Due vigilesse, due ispettori di polizia, tre carabinieri, tre mediatrici culturali, una dozzina di volontarie di diverse associazioni che si occupano dei diritti delle donne, oltre una quarantina di operatrici di servizi sanitari e sociali: sono i partecipanti del primo corso interistituzionale di formazione sulla violenza domestica contro le donne e i minori.

Il corso è stato promosso dall’Azienda USL di Bologna, in collaborazione con la Casa delle Donne e il Comune di Bologna, SOS Donna, Armonie, AMISS, Centro Ascolto Immigrati, Caritas Diocesana Bologna e Centro Accoglienza la Rupe e sarà aperto il 4 maggio, in una sede formativa dell’AUSL, in via Sant’Isaia 90, con il saluto di Maria Virgilio, assessore alle Pari Opportunità del Comune di Bologna, e di Gilberto Bragonzi direttore sanitario dell’AUSL.
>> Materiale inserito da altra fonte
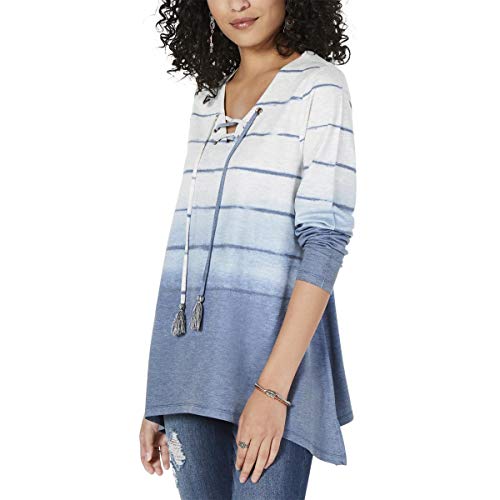 Style & Co Striped Lace Up Top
La predisposizione di collegamenti tra istituzioni che si trovano a intervenire in situazioni violenza intrafamiliare sulle donne e i minori, e la costruzione di una rete territoriale per la prevenzione nei casi di maltrattamento e violenza domestica sono, tra gli obiettivi del corso, quelli più ambizioni e di maggiore impatto sulla capacità che avranno i servizi bolognesi di rispondere al fenomeno. Gli altri obiettivi sono orientati allo sviluppo di conoscenze teoriche e di base, e alla acquisizione di abilità e competenze specifiche in tema di violenza domestica.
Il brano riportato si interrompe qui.